Deliver Us The Moon shows promise, up until it suddenly stops

There was a time where any sort of post-apocalyptic fiction seemed to be just that — fiction. But with each passing day and the progressively worsening conditions both environmentally and socially, it’s become harder to read such works as fiction. If anything, they sometimes feel a glimpse at what’s to come, a possible best case scenario should everything fall apart and we somehow survive whatever disaster will befall us.

Stuff like Deliver Us The Moon: Fortuna in particular, a game whose premise is based around the very real threat of climate change, is the kind of work that reignites those constant, latent worries about the state of our planet.

The premise goes that, as Earth began to worsen due to climate change and the general effects of mining it dry of resources (thanks, capitalism), a new element called Helium 3 was discovered on the moon. This new element was capable of solving the energy crisis back on Earth, and so the World Space Agency was formed with the objective of colonizing the moon to mine it for Helium 3 to power Earth. To do this, the ASW sets up a massive relay system to beam the energy directly to Earth. After many years of operation, however, the system suddenly goes dark, and no one knows why. That’s where you come in. Several years after the blackout, an astronaut referred only as “Fortuna” is sent to the moon on a mission to find out what happened and whether power can be restored.


It’s a pessimistic outlook, to be sure. That our planet is doomed to be destroyed because of our constant consumption of its resources, and that our only solution is to look to space and repeat our actions on other planets until there’s no more resources to be mined. I recall when I first saw Deliver Us the Moon at E3 a couple years ago, the premise felt like just another work of science fiction; prescient, perhaps, but maybe something we could still avoid. Now, two years later, with constant news stories about the dire state the planet is in and how much worse it’ll be if we don’t take drastic action to stem the effects of global warming soon, it feels like a frustrating reminder of our current predicament and the constant existential terror of what our future holds.

Of course, Deliver Us The Moon uses this primarily as a backdrop. Its story is more interested in the mystery of what happened to everyone on the moon colony than the situation on Earth. That’s not to say it doesn’t do anything with it — it is the catalyst for the entire plot, after all — just that, at least right now, the game doesn’t leverage it to the point of stating a clear thesis on the matter. It feels like it can be read both as a work that believes technology will be what saves us or one that’s critical of the entire premise at this point, given the story remains incomplete.

Deliver Us The Moon plays similarly to games like Tacoma in that you’re purely walking through spaces piecing together what happened via notes, audio logs, and holographic recordings of events. It’s pretty leisurely paced on the whole, apart from the rare quick-time event, which feel out of place.

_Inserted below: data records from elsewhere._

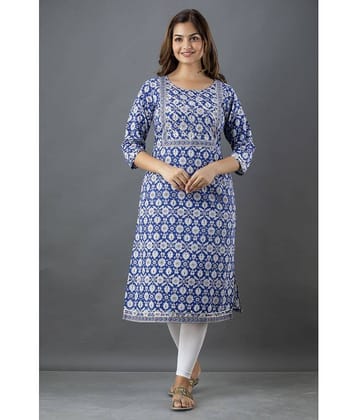 Lee Moda - Blue Cotton Women's Straight Kurti ( Pack of 1 )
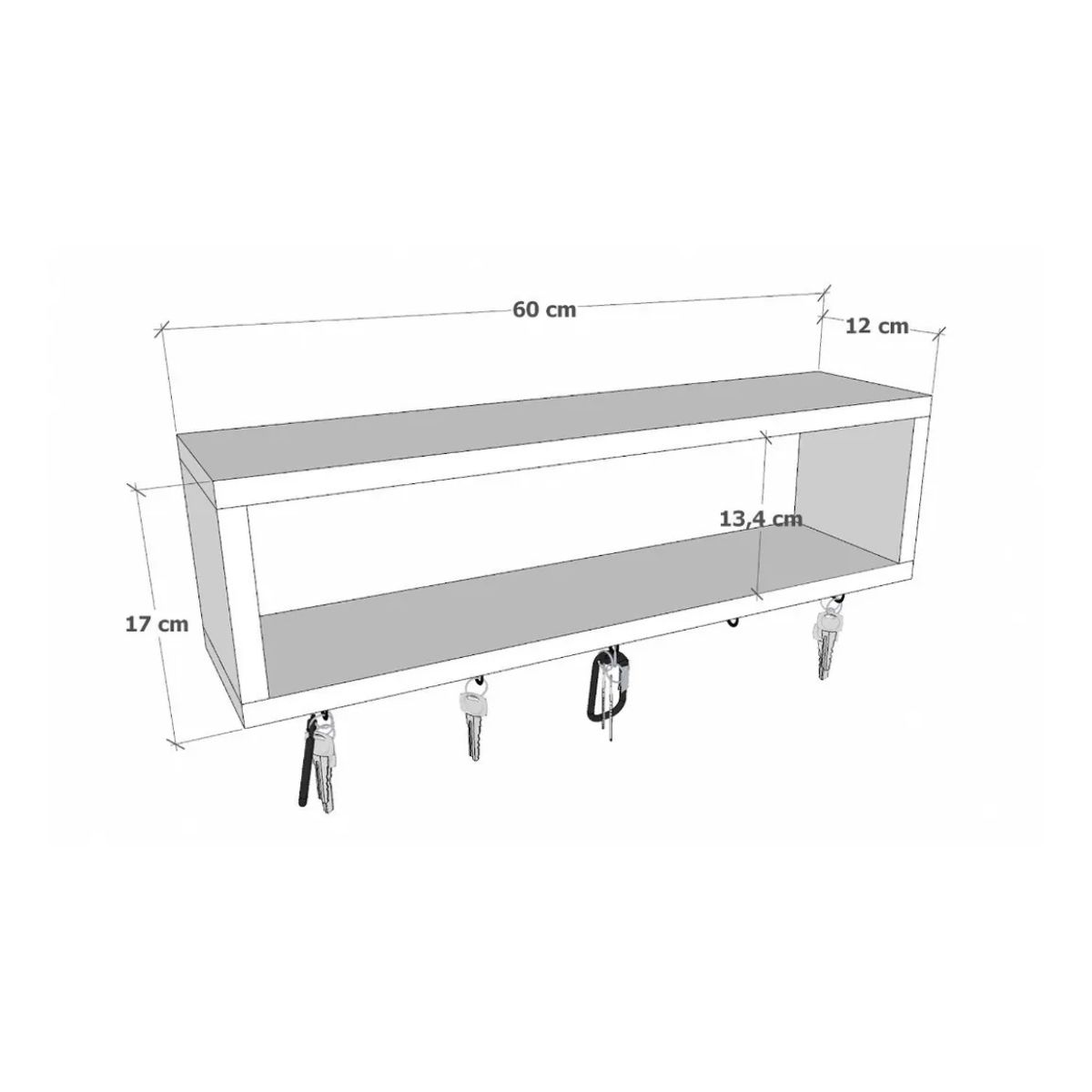 GENERICO - Porta Llaves  P-10  Repisa Flotante Rectangular Moderna  Amaretto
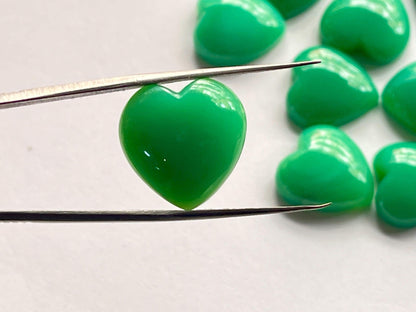 Green Chrysoprase Chalcedony Heart Shape Cabochon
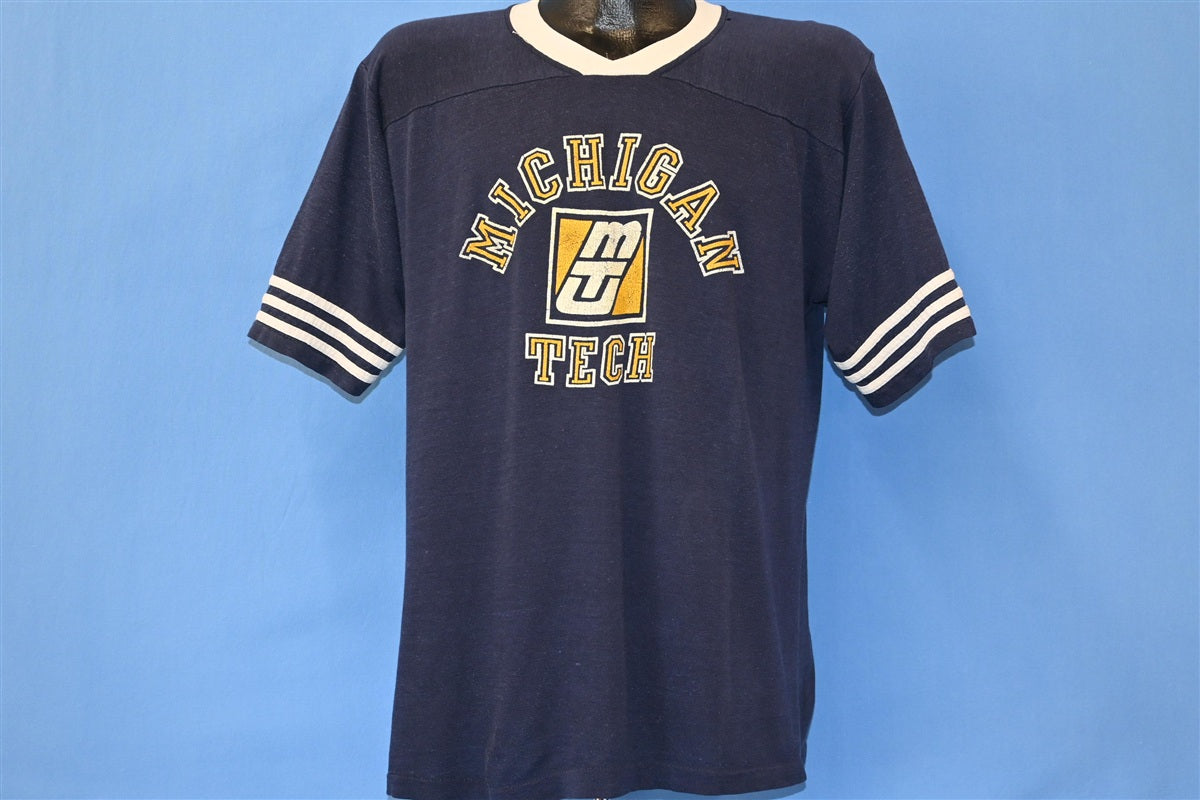 80s Michigan Tech University V-Neck College t-shirt Extra product image 2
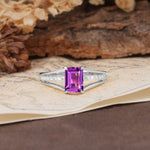 Unique and Luxurious 4-Prong Emerald Cut Amethyst Engagement Ring - Additional view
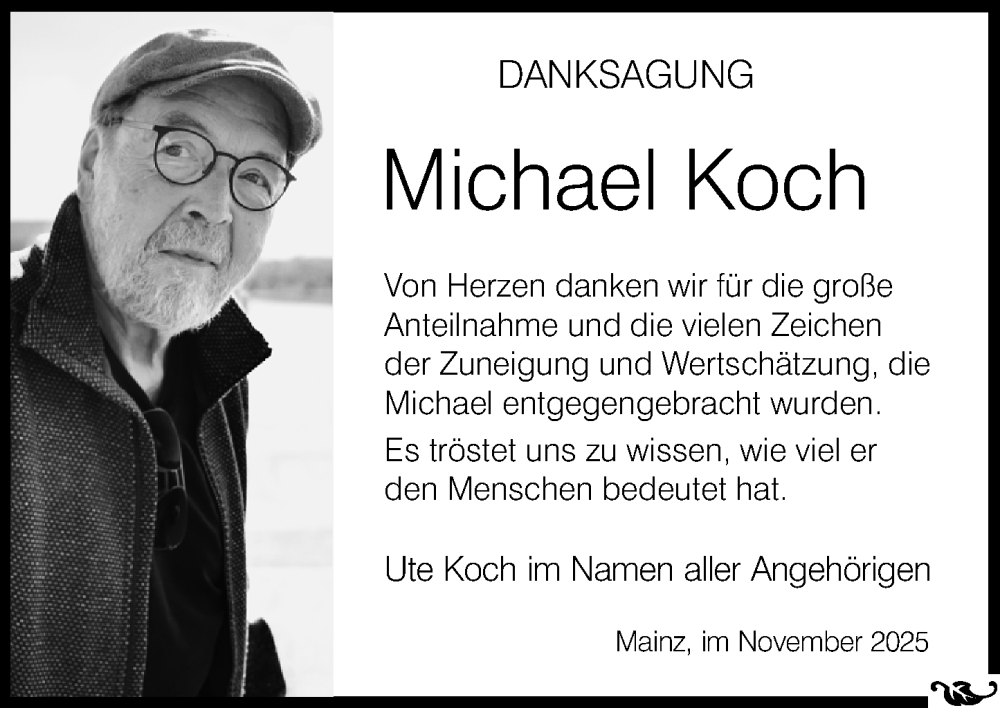  Traueranzeige für Michael Koch vom 08.11.2025 aus Allgemeine Zeitung Mainz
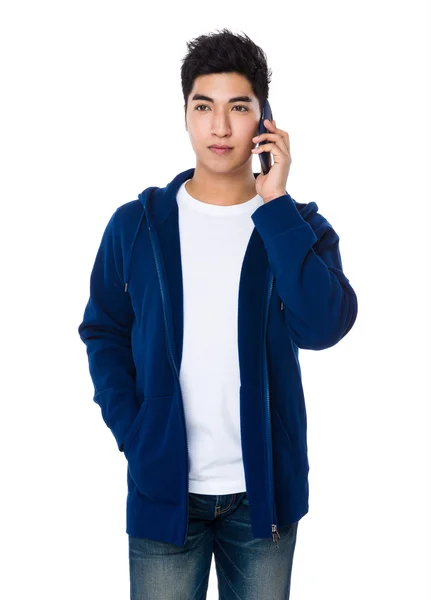 Young asian man in blue sweater — Stock Photo, Image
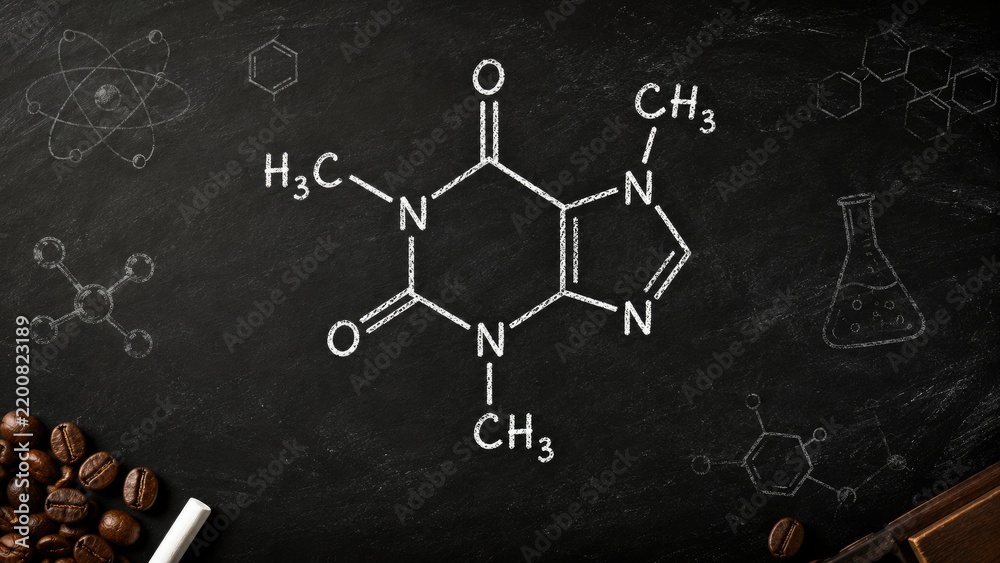 Obraz premium Chalkboard illustration of the caffeine molecule in white chalk with coffee beans and chemistry doodles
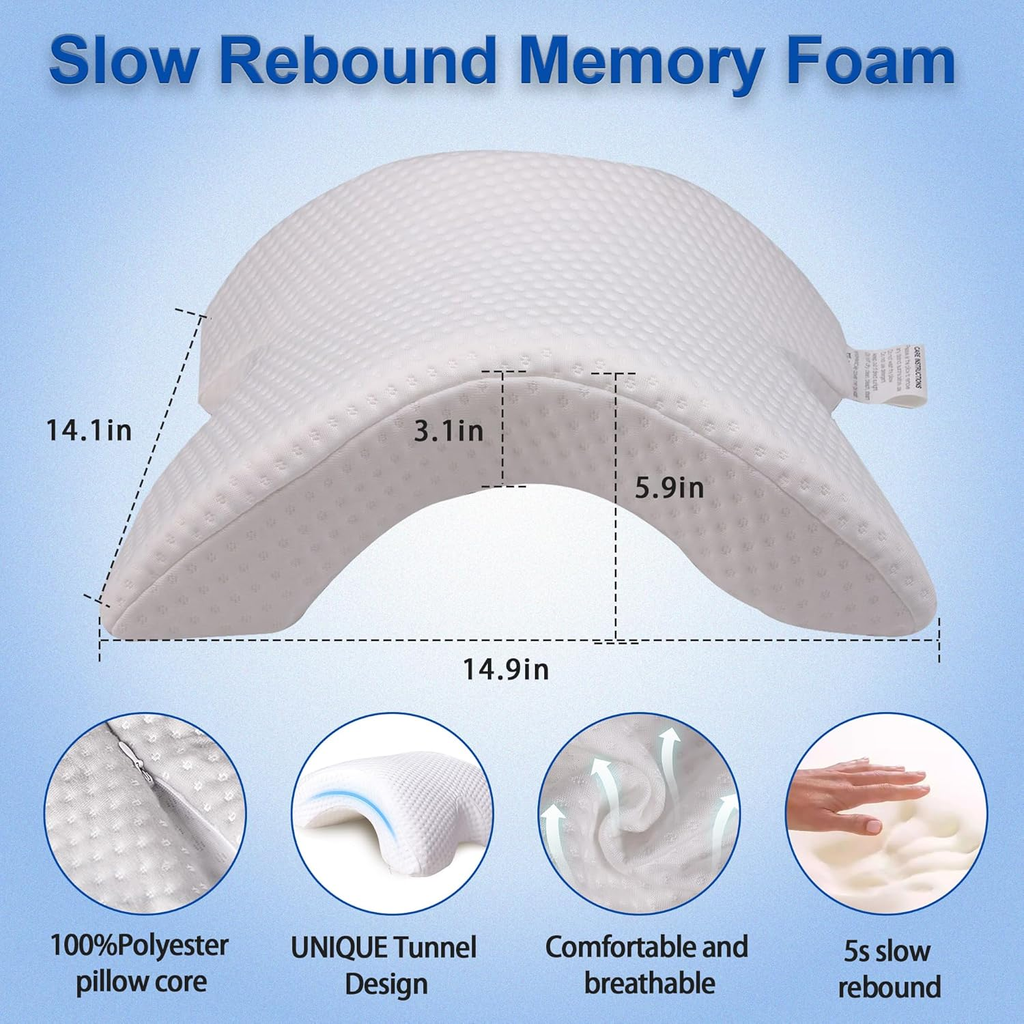 Arched Memory Foam Arm-Rest Cuddle Pillow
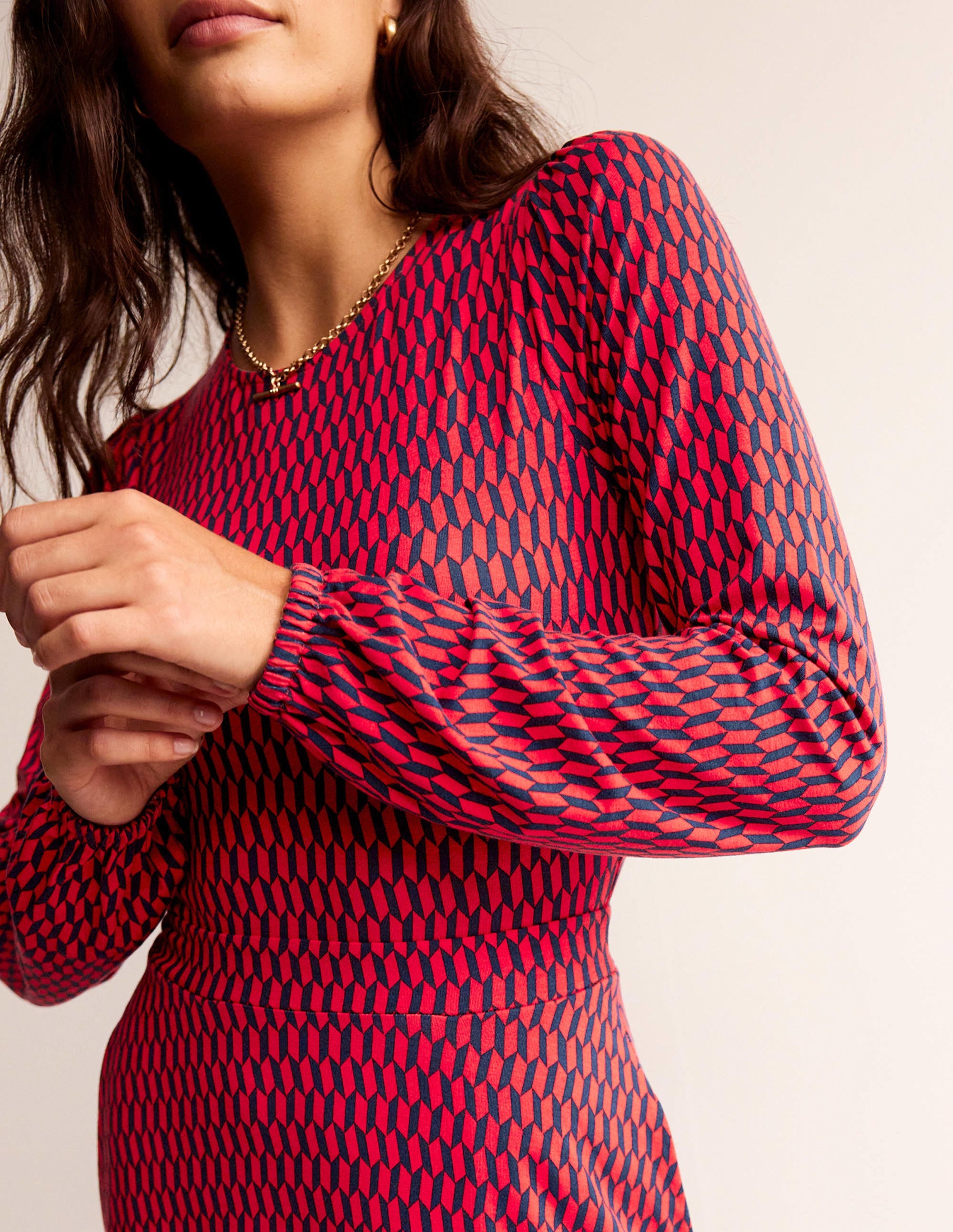  Camille Jersey Midi Dress-Brilliant Red, Block Tile、mySite、ashleygrahame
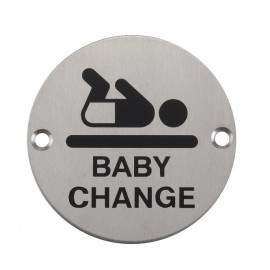 Baby Change Sign in Satin Stainless Steel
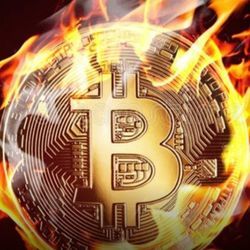 Bitcoin engulfed in flames.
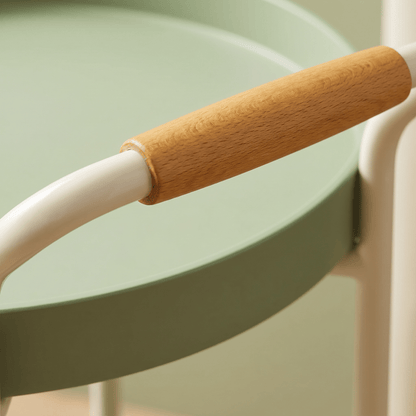 Close-up of The Airlie Two-Tier Round Side Cart by Royal Bar Carts showing coastal deco details and sleek ABS frame.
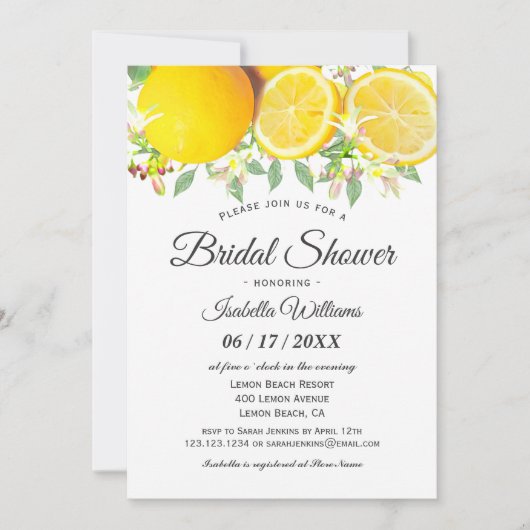 Modern Boho Lemon Summer Bridal Shower Kaart (Voorkant)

Most of Deliver Us The Moon is slow and steady, allowing you to wander around and take your time exploring your surroundings. It does occasionally press you to move quickly when moving through sections of the station that don’t have life support powered on, or while walking across the surface of the moon itself, by giving you a very limited supply of oxygen, but these segments feel thematically consistent with the rest of the game. The quick-time events always come out of nowhere, and provide little time to respond to the on-screen prompts. Every time I encountered them, I thought I was just watching a cutscene until the button prompts appeared, at which point I often noticed them too late. They feel like an unnecessary addition.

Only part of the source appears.